The band The National has been around longer than people realize. Their latest, High Violet, is their fifth—and arguably their best—album. For a decade they've been snaking their way into the mainstream, record by record, tour by tour, getting taken more seriously every step of the way.
"Someone send a runner through the weather that I'm under for the feeling that I lost today."
Any review you read about these guys will definitely talk about the seductive quality of Matt Berninger's baritone. And rightly so. He has mastered a slow-motion delivery, pausing between words, letting the notes resound, while the anticipation works you into delicate madness. Like a lover who hovers an inch away from your lips. A rock singer finding strength in gentleness.
"All our lonely kicks are getting harder to find.
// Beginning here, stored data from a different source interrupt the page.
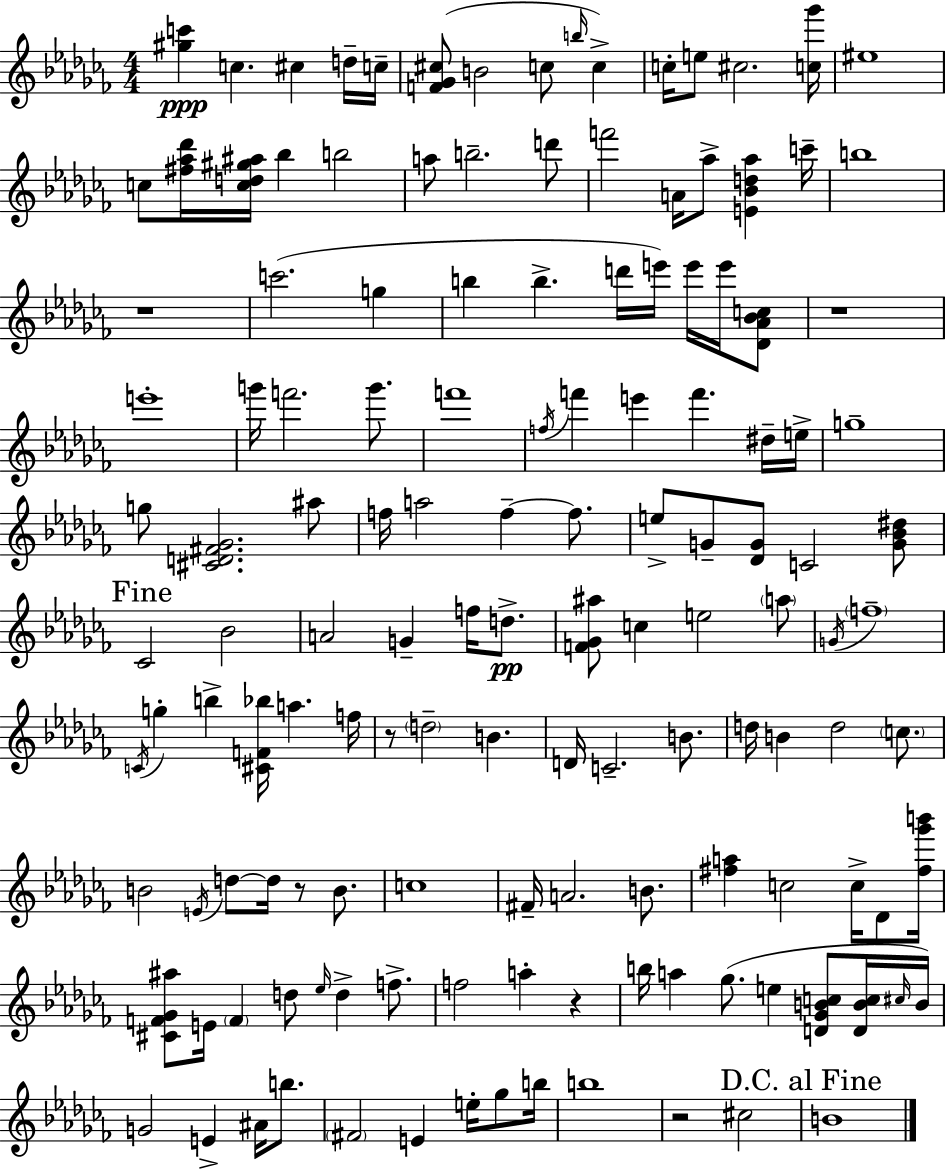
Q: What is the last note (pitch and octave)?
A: B4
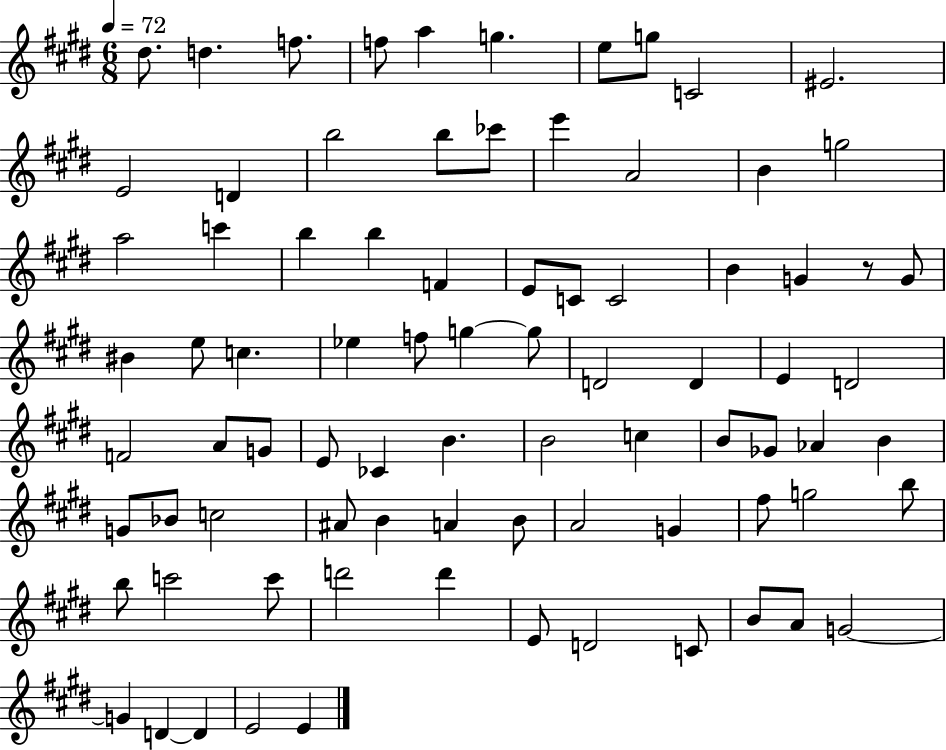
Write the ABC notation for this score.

X:1
T:Untitled
M:6/8
L:1/4
K:E
^d/2 d f/2 f/2 a g e/2 g/2 C2 ^E2 E2 D b2 b/2 _c'/2 e' A2 B g2 a2 c' b b F E/2 C/2 C2 B G z/2 G/2 ^B e/2 c _e f/2 g g/2 D2 D E D2 F2 A/2 G/2 E/2 _C B B2 c B/2 _G/2 _A B G/2 _B/2 c2 ^A/2 B A B/2 A2 G ^f/2 g2 b/2 b/2 c'2 c'/2 d'2 d' E/2 D2 C/2 B/2 A/2 G2 G D D E2 E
We'll play nuns versus priests until somebody cries."
As well written and sung as Berninger's words are, their power is rooted in the rich sophistication of the band's instrumentation. Patient, quivering guitar tones warm you up slowly. Bass swells and sprinklings of piano take your guard down piece by piece, to the point where a single trumpet blast can run chills up your spine.
At times it seems like the drums are trying fiercely to keep a heartbeat going inside the Earth. Next thing you know, you're hanging onto a string arrangement as if it's the only thing that can hold you together. Stranded outside with this music pouring down on you, you might be tricked into thinking that rain is a blessing.
"It takes an ocean not to break."
This band has aged like a fine wine. Like a student who continues studying after graduation. I once read an article saying that the Cowboy Junkies should have stopped after their first album, which was recorded in a church with a single microphone in the middle of the room. The writer thought that the magic captured in that open space—that rare and purified culmination of forces—could never be duplicated or improved upon. They would never get it back. The National, on the other hand, has found new corners of the studio every time they've gone back to it, and they bring their integrity to the stage as well. If they ever burn out, I suspect their final note will linger like the last flickers of a candle, reminding you of the church they erected even after the lights have gone out.